The end result of my search was the discovery of ideas that Roddenberry had long wanted to bring to the screen as one of the Star Trek motion pictures, but due to concerns of studio executives, the storyline never saw the light of day, at least in the way in which Roddenberry envisioned it. Instead, elements can be found in Star Trek: The Motion Picture, as well as Star Trek V: The Final Frontier. The fascinating and long history behind Roddenberry’s never-realized storyline is told as pieces are stitched together at the The Complete Star Trek Library. Among the different individuals and perspectives on the story, here’s an expert from Lost Voyages of Trek and the Next Generation, by Bill Planer (Cinemaker Press, 1992), and his telling of the narrative:
“I handed them a script and they turned it down,” Roddenberry stated. “It was too controversial. It talked about concepts like, ‘Who is God?’ [In it] the Enterprise meets God in space; God is a life form, and I wanted to suggest that there may have been, at one time in the human beginning, an alien entity that early man believed was God, and kept those legends. But I also wanted to suggest that it might have been as much the Devil as it was God. After all, what kind of god would throw humans out of Paradise for eating the fruit of the Tree of Knowledge. One of the Vulcans on board, in a very logical way, says, ‘If this is your God, he’s not very impressive. He’s got so many psychological problems; he’s so insecure. He demands worship every seven days. He goes out and creates faulty humans and then blames them for his own mistakes. He’s a pretty poor excuse for a supreme being.’ Not surprisingly, that didn’t sent [sic] the Paramount executives off crying with glee. But I think good science fiction, historically, has been used that way–to question everything.”

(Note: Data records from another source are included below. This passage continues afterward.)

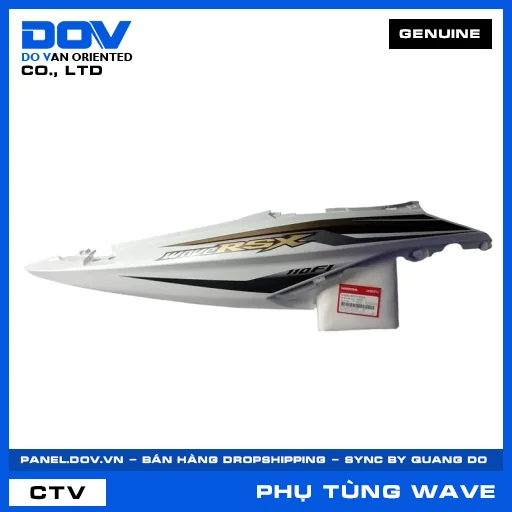 BỘ ỐP SƯỜN PHẢI *NHB55* WAVE, WAVE RSX 110 — 64600K03M30ZA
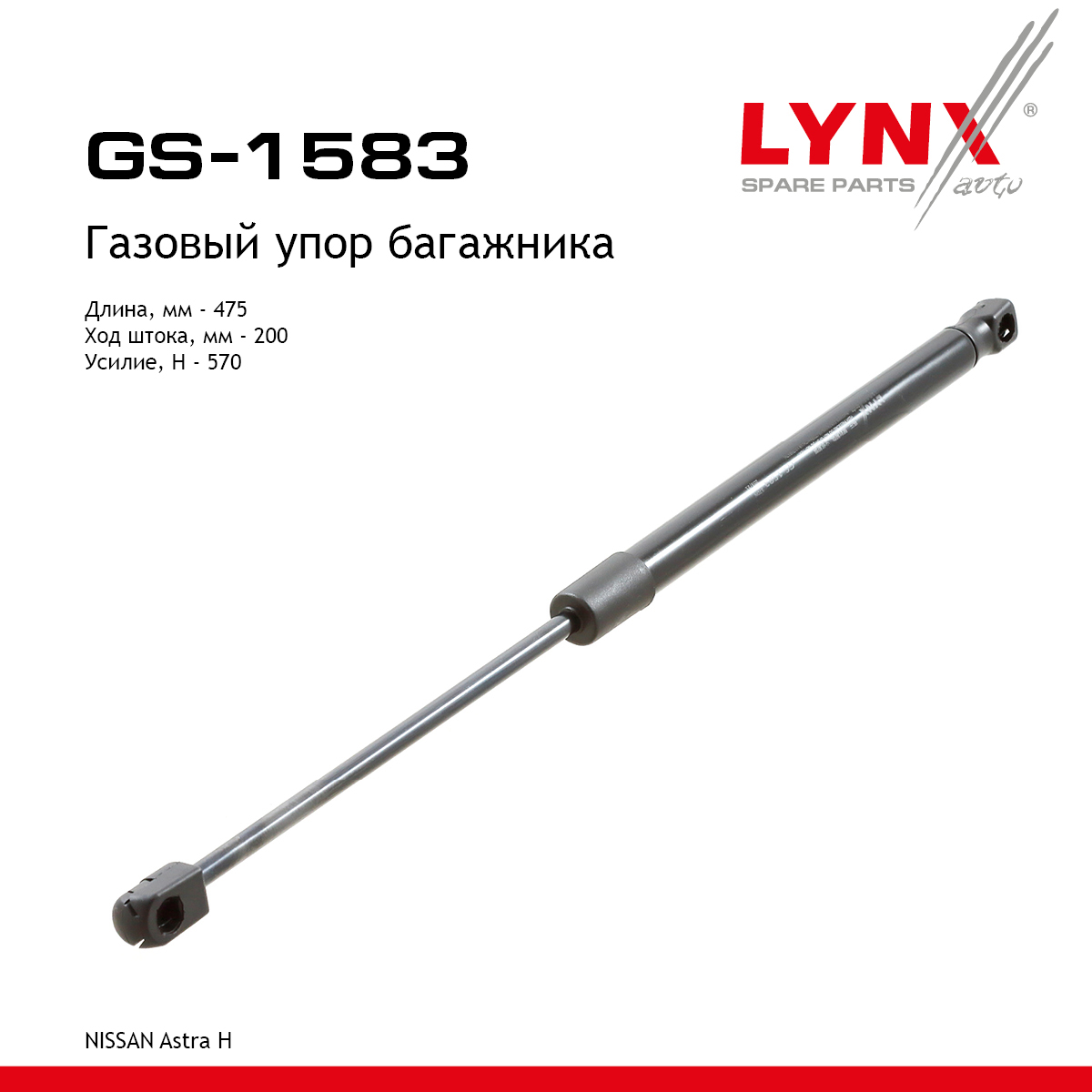 Амортизатор крышки багажника - LYNXauto GS-1583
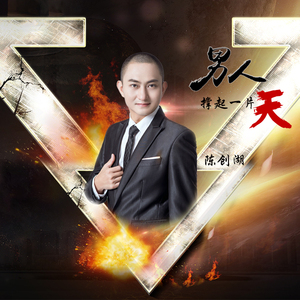 男人撑起一片天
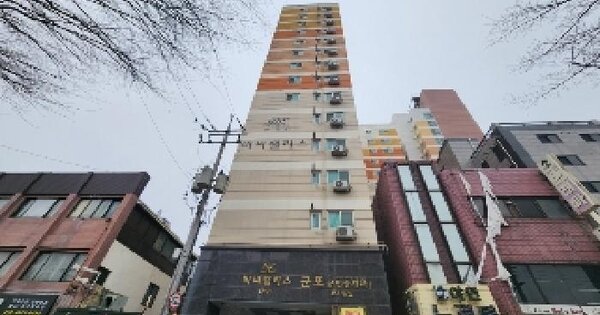 경기도 군포시 당동 778-12 8층 801호 오피스텔 경매 물건 이미지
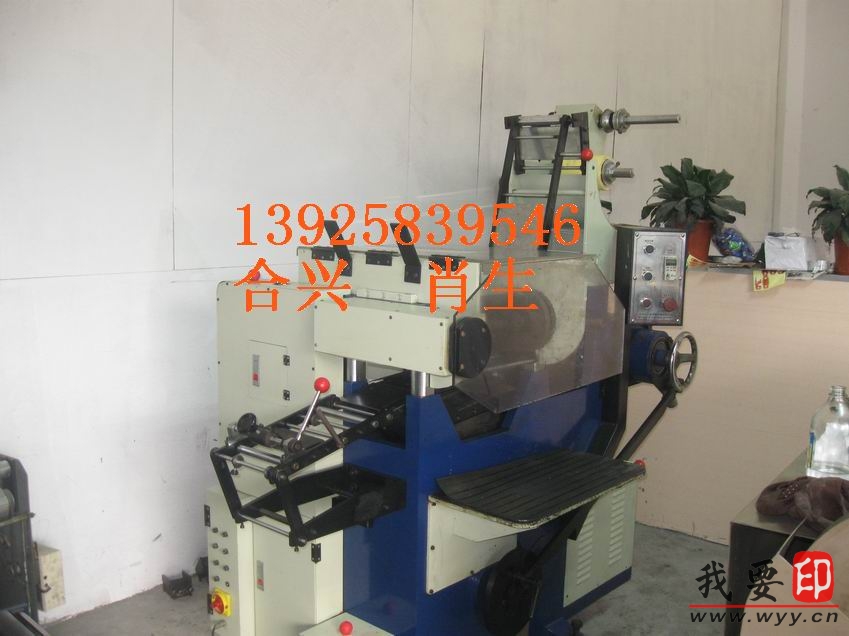 【供應(yīng)】日高210二手電腦商標(biāo)機(jī)，合興二手不干膠機(jī)新品上市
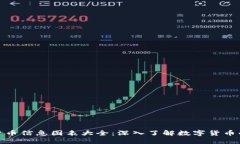 加密货币信息图表大全：深入了解数字货币的世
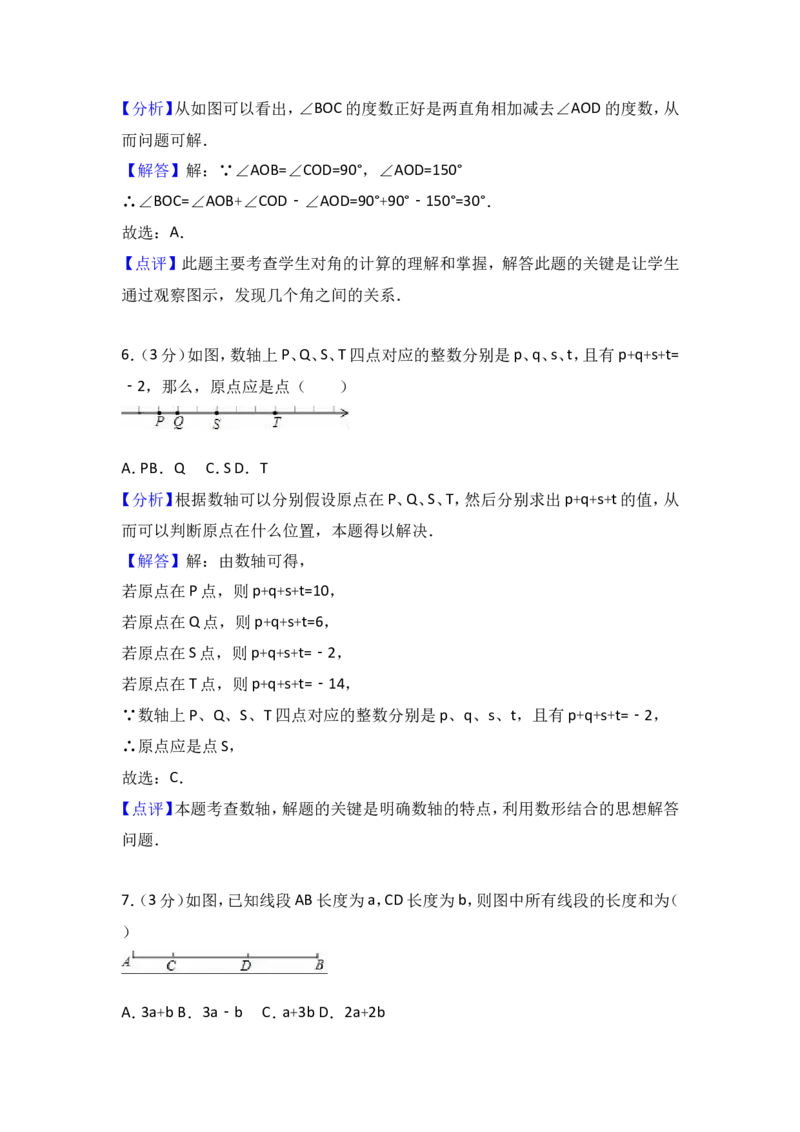 2017-2018学年江西省九江市七年级上期末数学试卷_1、初中学习资料_4-2、数学_北师大版_北师大版初中数学7上_2022秋七数上(BS)--各阶段精品试题_期中、期末、月考、中考真题
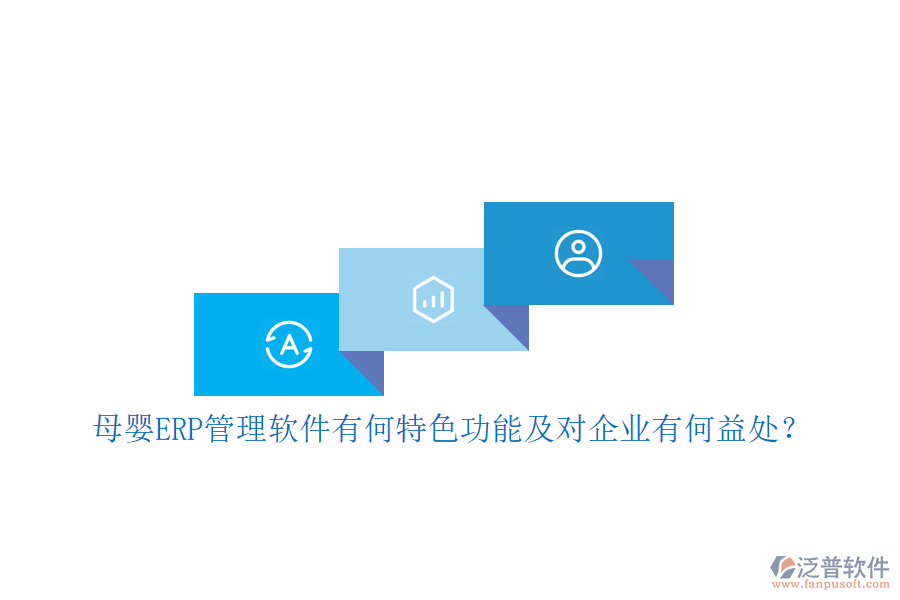 母嬰ERP管理軟件有何特色功能及對(duì)企業(yè)有何益處？
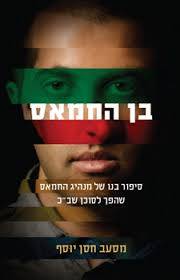 בן החמאס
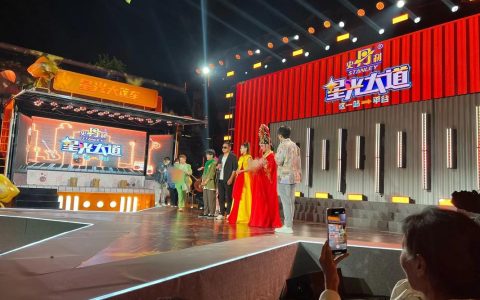 园博园尽揽荆楚韵《星光大道》特别节目上演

There are a number of interesting elements in this story. Not only is Roddennberry’s secular humanism and skepticism about Christianity evident, but he is also willing to bring in other elements in which to critique the Judeo-Christian myth. This includes the idea of God as an alien, connected most infamously to Erich von Däniken with his many books setting forth an ancient astronauts hypothesis. He also invokes a form of Platonism or Gnosticism with his idea of the God of the Old Testament being some kind of inferior demiurge. In other quotations from Roddenberry he wanted Lucifer in the Genesis story of the Garden of Eden to be the real deity who brings truth.
Although Roddenberry was never able to see his story idea come together in the form of a single film, Star Trek: The God-Thing was eventually published by Pocket Books in 1992.
This aspect of Star Trek‘s history, and that of its creator, is ironic in that while he wanted to use science fiction to raise the question of God’s existence, and critique the character of the God of the Judeo-Christian tradition as unworthy of worship, as his franchise developed after his death, it increasingly adopted various religious or spiritual elements, with Star Trek: Deep Space Nine perhaps being the series most heavily spiritual in its basic orientation around the main storyline. In addition, scholars have noted that Star Trek functions for many fans as a form of religion as they adopt it’s ethic of Infinite Diversity in Infinite Combination. In addition, other scholars have looked at fan participation in Star Trek conventions and have considered this as a parallel to religious pilgrimage. In our age where the transcendent has broken out of more traditional boundaries and concepts of religion, science fiction often functions as the sacred, and as a result, even an atheist television pioneer cannot escape his creation becoming involved with The God-Thing.